*PROBLEM*
Only the lines below from the one that contains "Ruga Timișoarei a" through the one that contains "Congress MP Chamala" should appear in your answer, exact and without pictures.
___ SOURCE MATERIAL ___
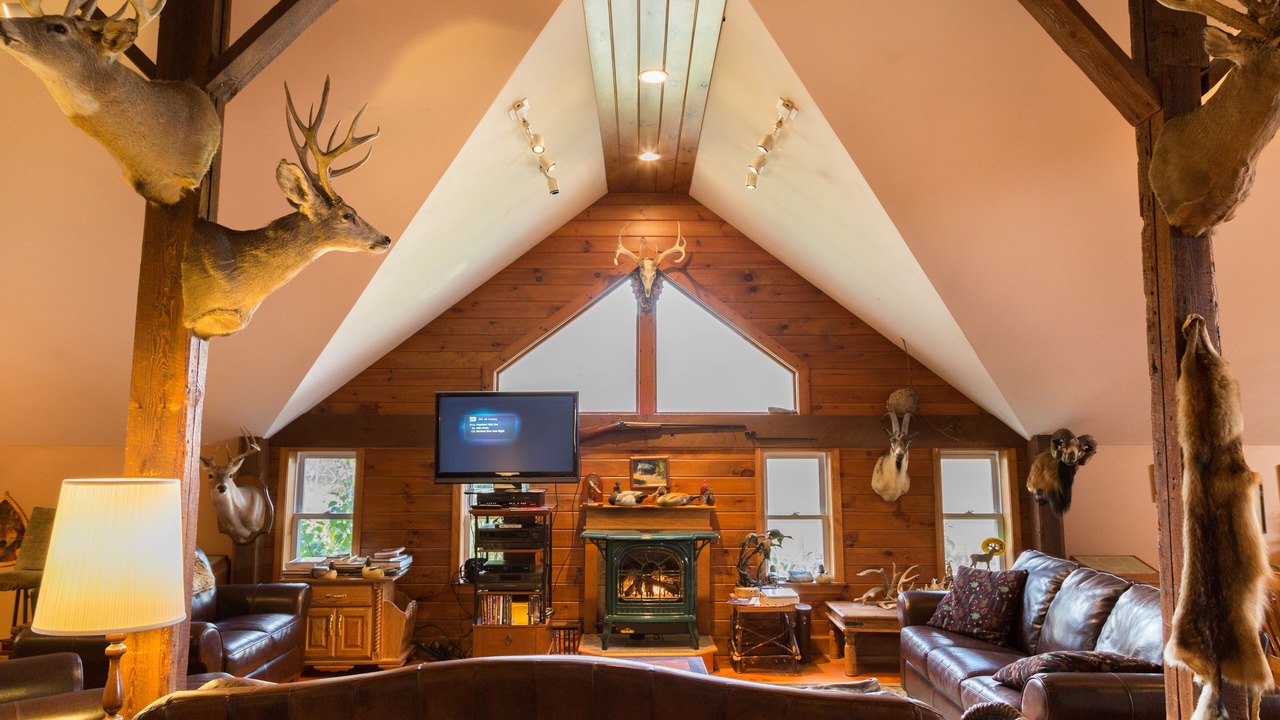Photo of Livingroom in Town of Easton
___
___ SOURCE MATERIAL ___
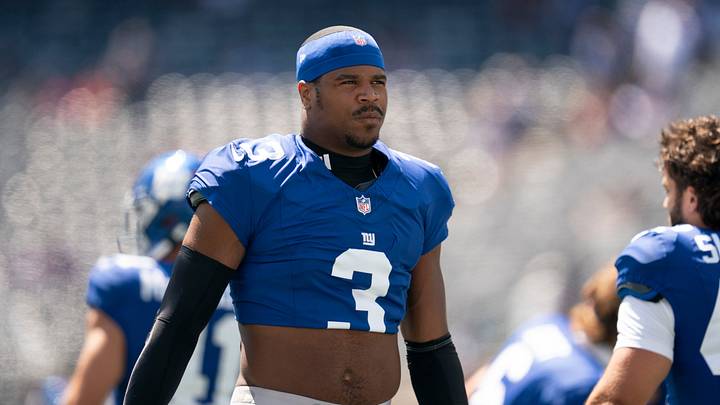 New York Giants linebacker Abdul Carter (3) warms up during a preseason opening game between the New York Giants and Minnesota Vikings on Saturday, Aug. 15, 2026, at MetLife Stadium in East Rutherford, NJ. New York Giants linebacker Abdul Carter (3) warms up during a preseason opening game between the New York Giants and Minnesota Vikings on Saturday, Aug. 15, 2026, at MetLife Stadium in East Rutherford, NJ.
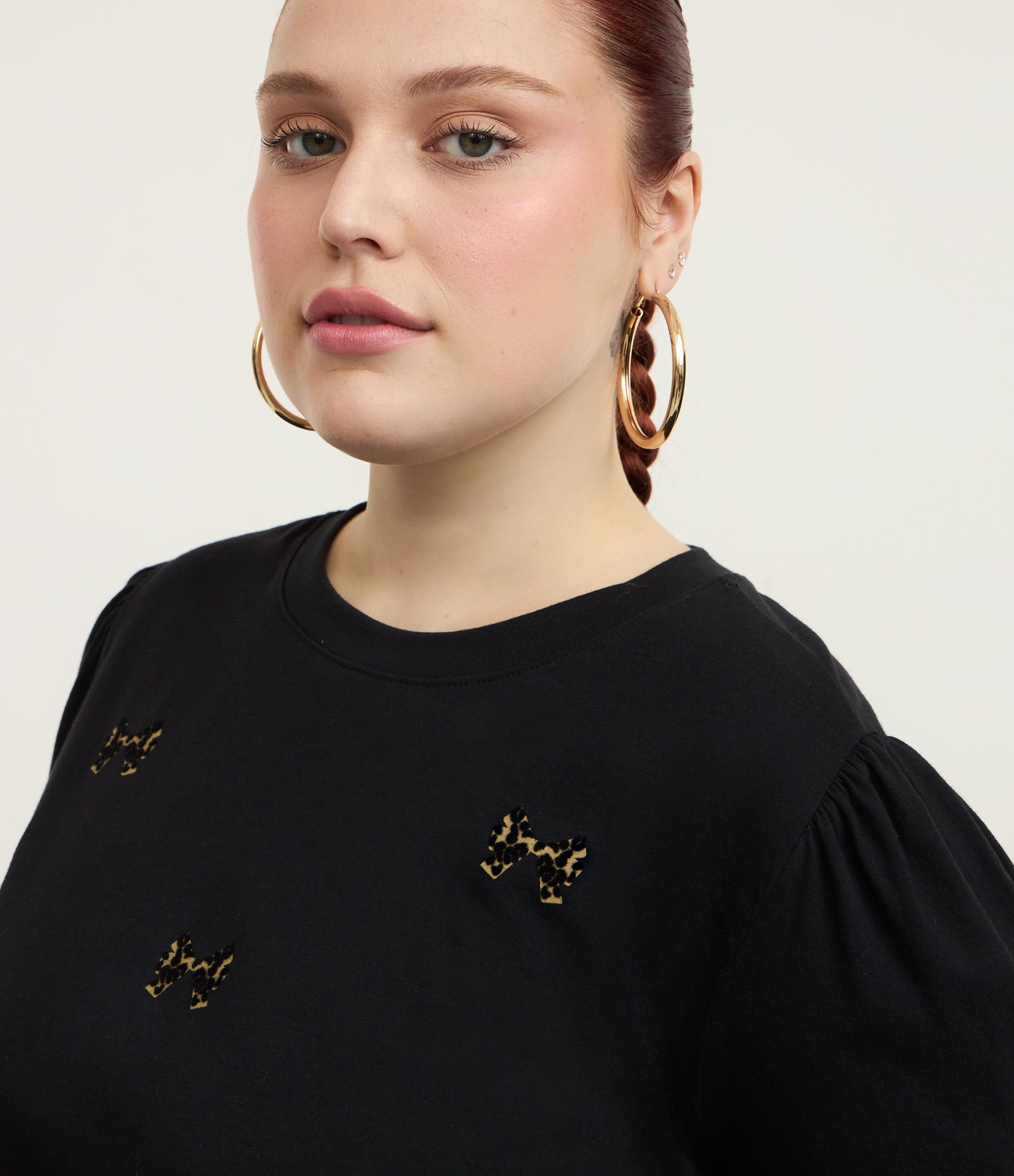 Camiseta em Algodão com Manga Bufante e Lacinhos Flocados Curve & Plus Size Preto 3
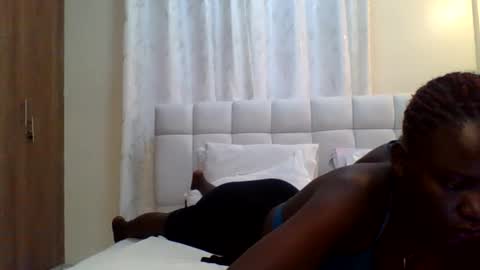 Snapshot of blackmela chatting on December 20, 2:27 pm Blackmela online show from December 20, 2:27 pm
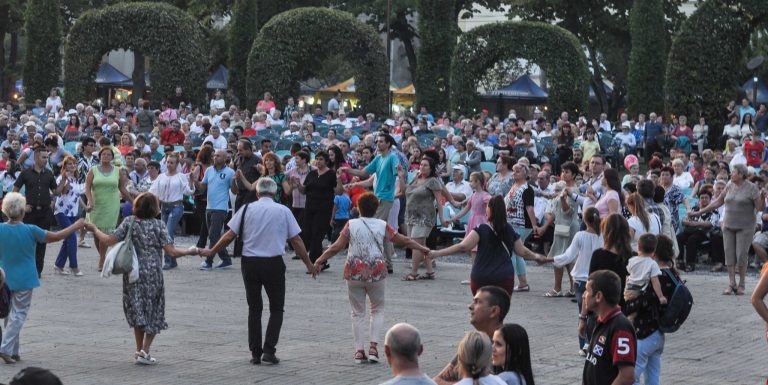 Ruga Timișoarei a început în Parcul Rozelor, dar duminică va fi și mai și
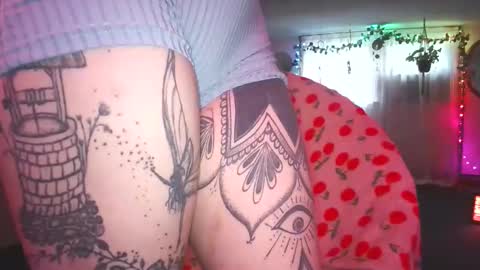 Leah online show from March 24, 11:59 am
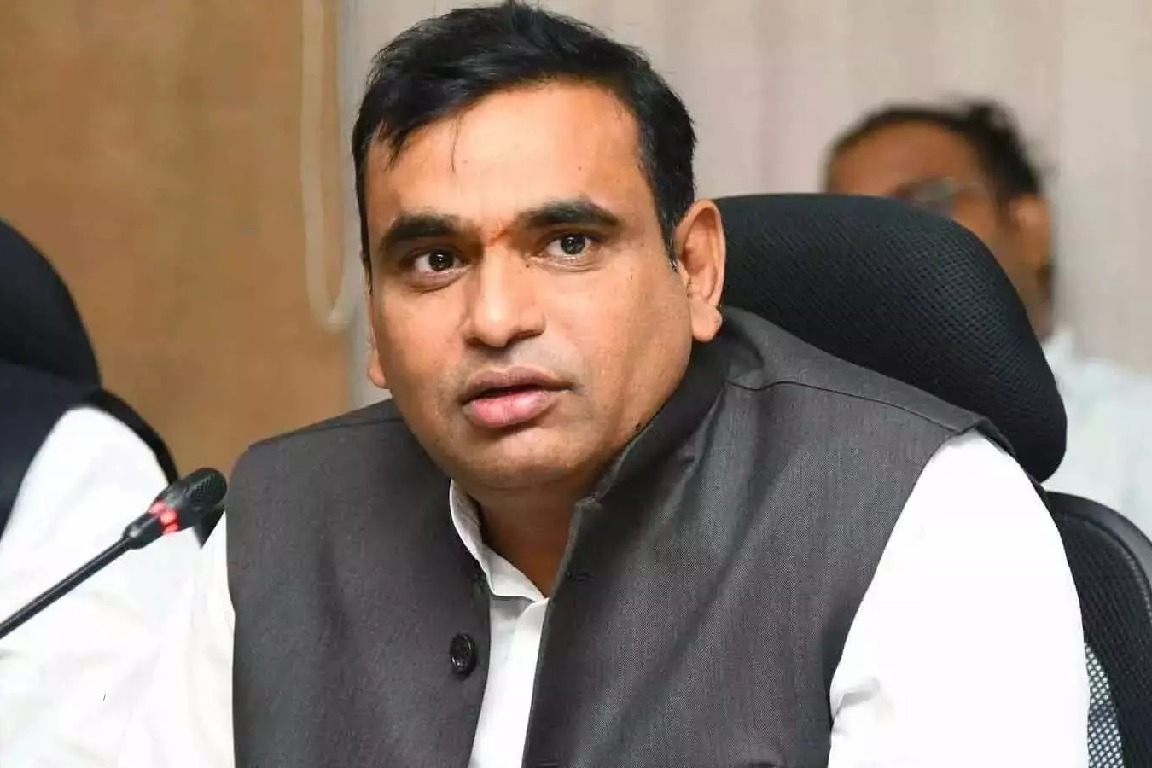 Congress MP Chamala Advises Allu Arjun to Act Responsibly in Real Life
___
___ SOURCE MATERIAL ___
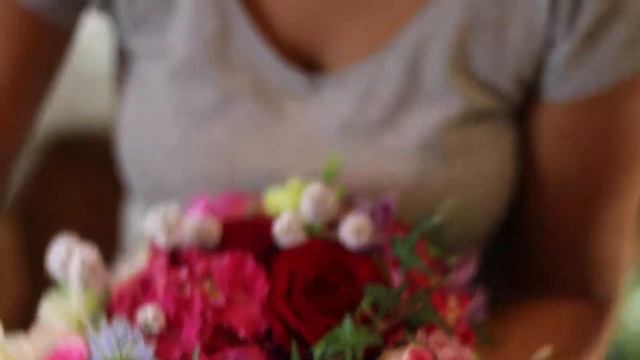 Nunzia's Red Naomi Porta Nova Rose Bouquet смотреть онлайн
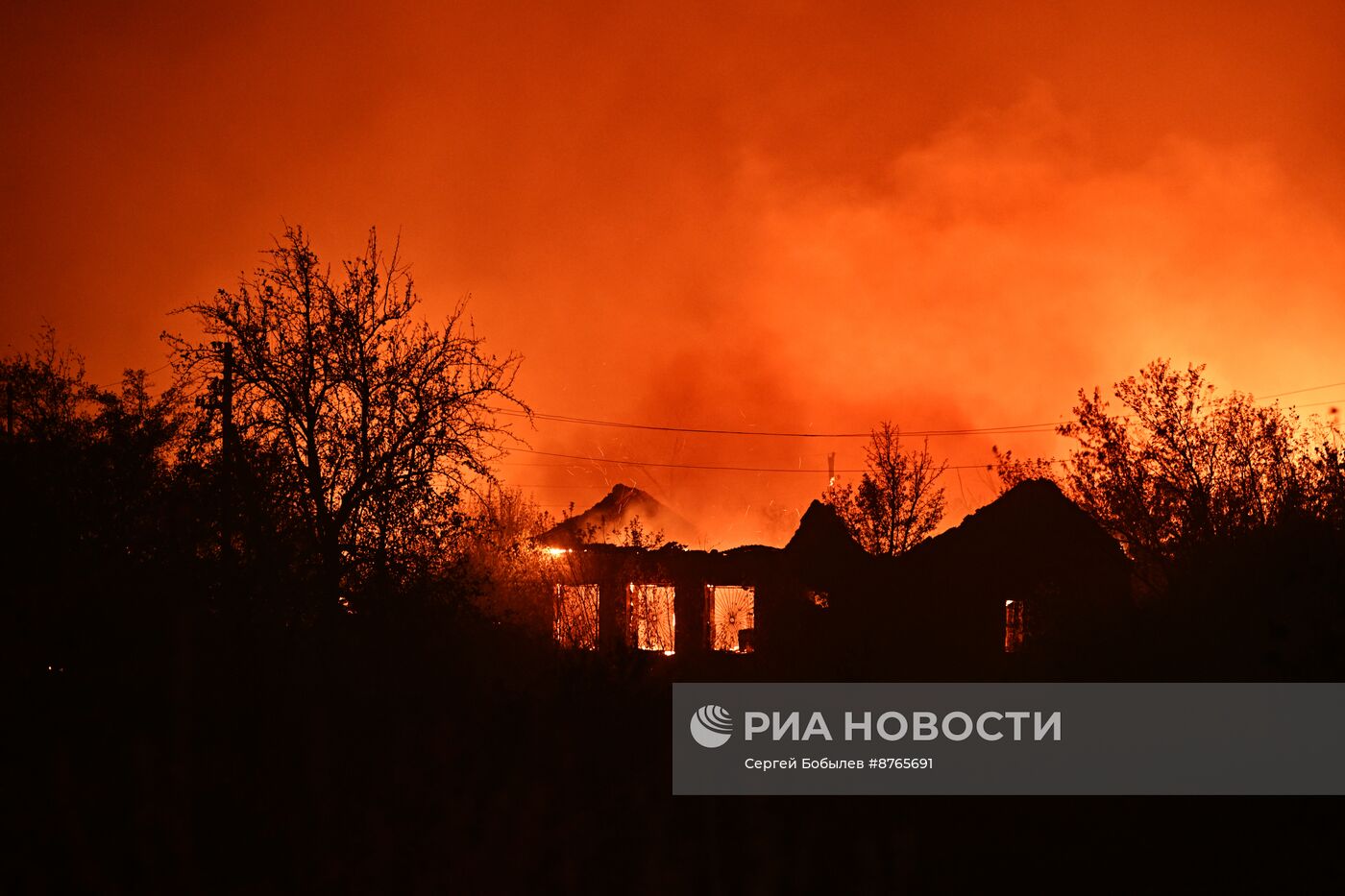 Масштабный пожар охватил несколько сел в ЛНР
___
*SOLUTION FOR THIS PROBLEM*
 Ruga Timișoarei a început în Parcul Rozelor, dar duminică va fi și mai și
 Leah online show from March 24, 11:59 am
 Congress MP Chamala Advises Allu Arjun to Act Responsibly in Real Life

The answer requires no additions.